Wild Talk is a podcast recorded outdoors that explores what nature can teach us about navigating the unknown. By asking experts from far-flung disciplines to wander the world with them, Emily Kagan-Trenchard and Jay Erickson explore the relationship we have to the natural world, and how it might help us set the course through our uncertain times. No powerpoints, no business attire, no filters between these ideas and the natural world in which they must take root. Episodes follow either a guest or an idea as they lead us through webs of connection between brain science and social movements, food science and education, performance art and algorithms, and anywhere else the wild world takes us.
Episodes
Friday Sep 17, 2021
Resilient Cities, with Jainey Bavishi
Friday Sep 17, 2021
Friday Sep 17, 2021
Jainey Bavishi is the director of the New York City Mayor's Office of Climate Resiliency — overseeing more than $20 billion worth of investments to prepare New York City for the impacts of climate change.
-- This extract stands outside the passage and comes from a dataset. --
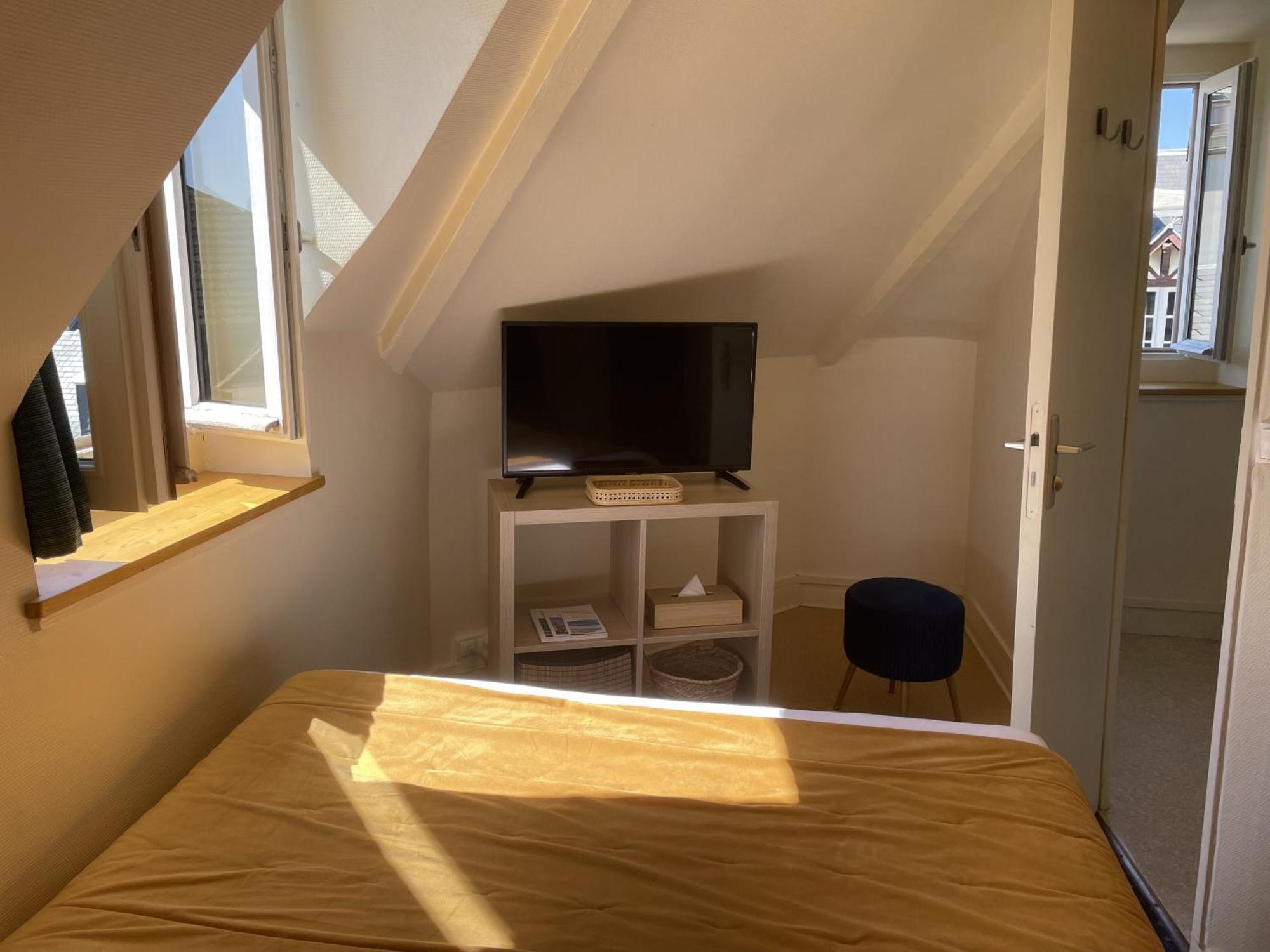 Le Trouville - Hotel De Charme Екстер'єр фото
This includes bolstering the city’s coastline against coastal storms and high-tide flooding, preparing for intense rainstorms, and protecting New Yorkers against deadly heat waves.
We met with Jainey the spring of 2021, well before the current hurricane season provided a dramatic demonstration for why these efforts are so critical to the city’s future. She brought us to the newly rebuilt boardwalk of Edgemere, an oceanfront community on the Rockaway peninsula, not far from JFK airport, in Queens. The Rockaways were hit hard by Hurricane Sandy in 2012, and Edgemere, whose very name means “at the sea’s edge,” is among the communities still grappling with the hard choices, presented by changing weather and rising sea levels.
Jainey got her start working on equitable disaster recovery efforts after Hurricane Katrina, and went on to lead climate preparedness efforts for the Obama administration’s Climate Action Plan. In 2017, she joined the de Blasio Administration to lead a team of urban planners, architects, engineers, lawyers, and policy experts who to develop science-based programs and policies that address impacts of climate change.
From heatwaves to hurricanes, flooding to FEMA grants, our conversation ranged through the myriad ways our communities will need to think differently about how we build for an ever-changing future. Jainey’s insights humanized and made tangible the profound social justice and economic impacts of climate change, and the complexity in designing an equitable recovery plan. Jainey was recently nominated by President Biden to a top leadership position at the National Oceanic and Atmospheric Association (NOAA), and is awaiting Senate confirmation.